***** RECORDS PROVIDED *****
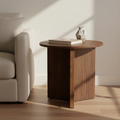 Mercana Enzo 32" x 32" x 30" Solid Wood Side Table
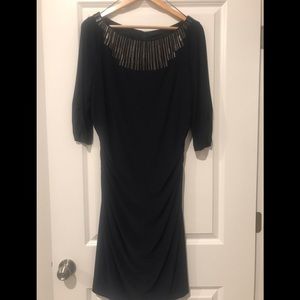 Navy 3/4 quarter sleeve dress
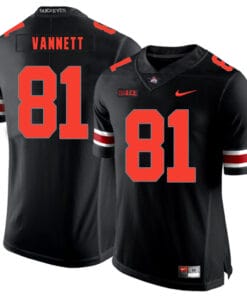Ohio State Buckeyes #81 Nick Vannett Football Jersey Black Shadow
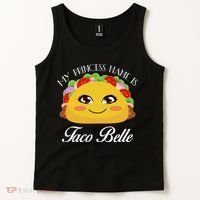 Funny My Princess Name is Taco Belle Tank Top thumb 2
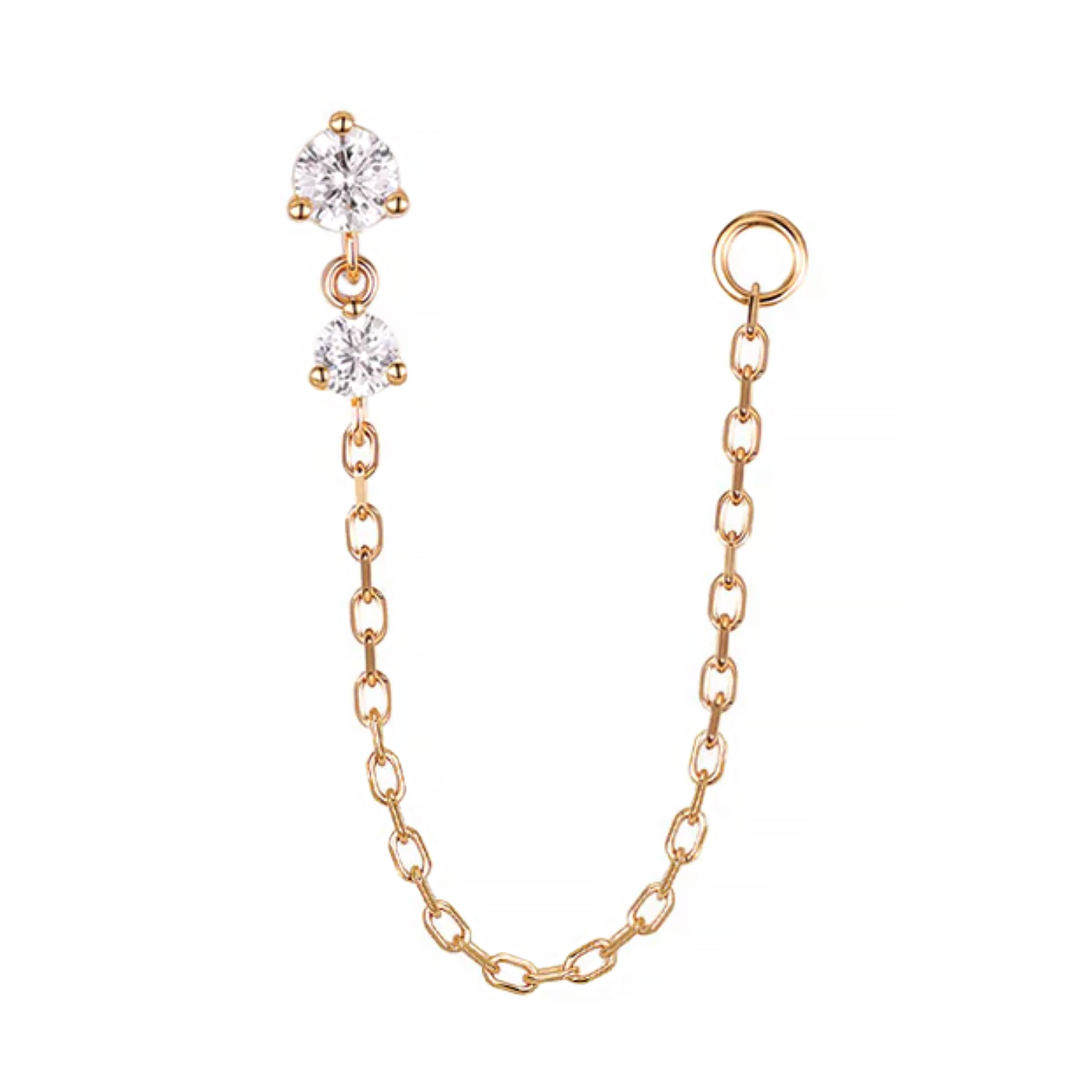 Diamond Spark Lasso Threadless End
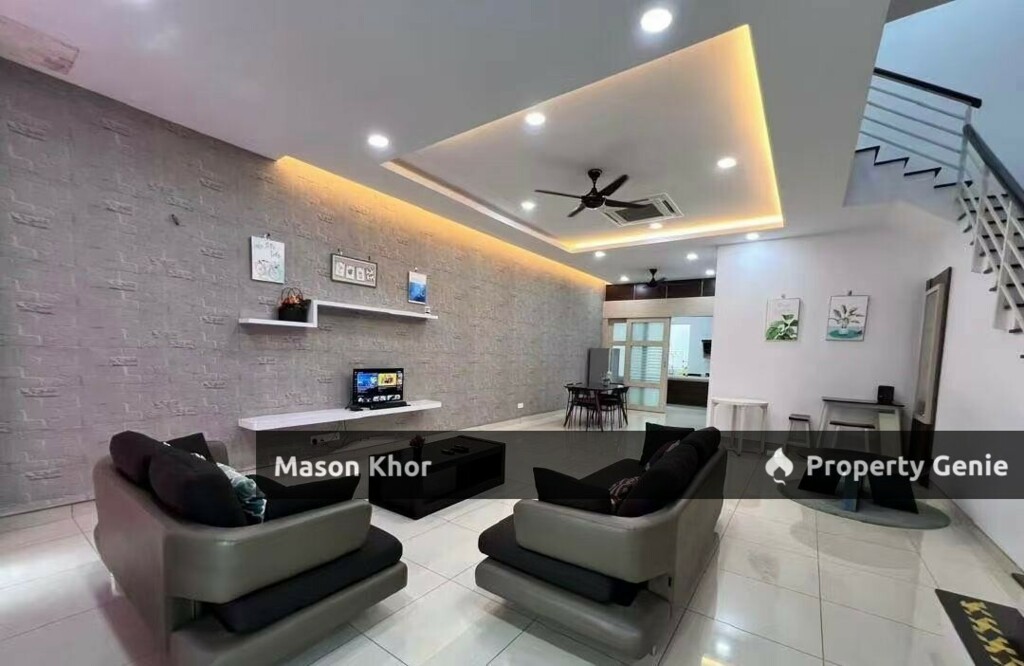 JESSELTON TAMAN JASA INTAN 2-STOREY TERRACE 1650sf FULLY RENO & FURNISHED ALMA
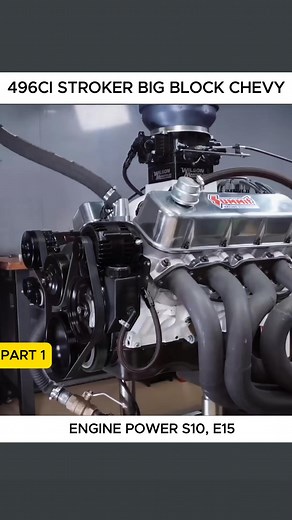 1.2K views | 496ci Stroker Big Block Chevy!!!(PART 1) #engine #rebuild #rebuilding #oldcar #fyp | 496 Bbc Racing Engine Build | Facebook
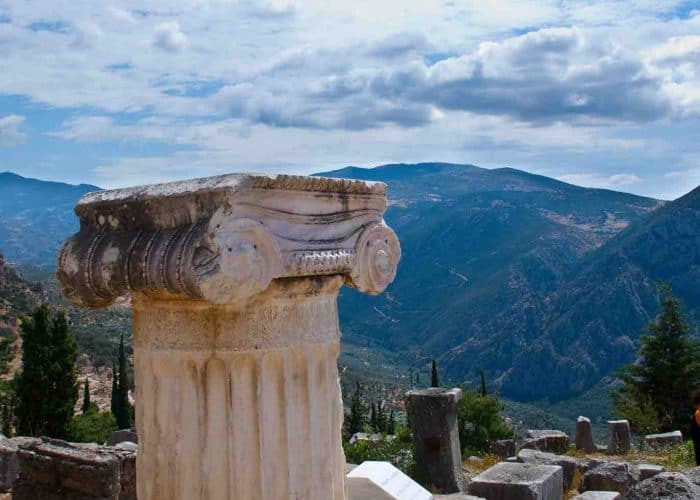 delphi greece food pilgrimage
*****
EXERCISE OBJECTIVE — Give again, word for word, the lines from the one containing "Navy 3/4 quarter sleeve dress" through the last line of the entries, with pictures omitted and nothing added.

EXPECTED OUTPUT —
 Navy 3/4 quarter sleeve dress
Ohio State Buckeyes #81 Nick Vannett Football Jersey Black Shadow
 Funny My Princess Name is Taco Belle Tank Top thumb 2
 Diamond Spark Lasso Threadless End
 JESSELTON TAMAN JASA INTAN 2-STOREY TERRACE 1650sf FULLY RENO & FURNISHED ALMA
 1.2K views | 496ci Stroker Big Block Chevy!!!(PART 1) #engine #rebuild #rebuilding #oldcar #fyp | 496 Bbc Racing Engine Build | Facebook
 delphi greece food pilgrimage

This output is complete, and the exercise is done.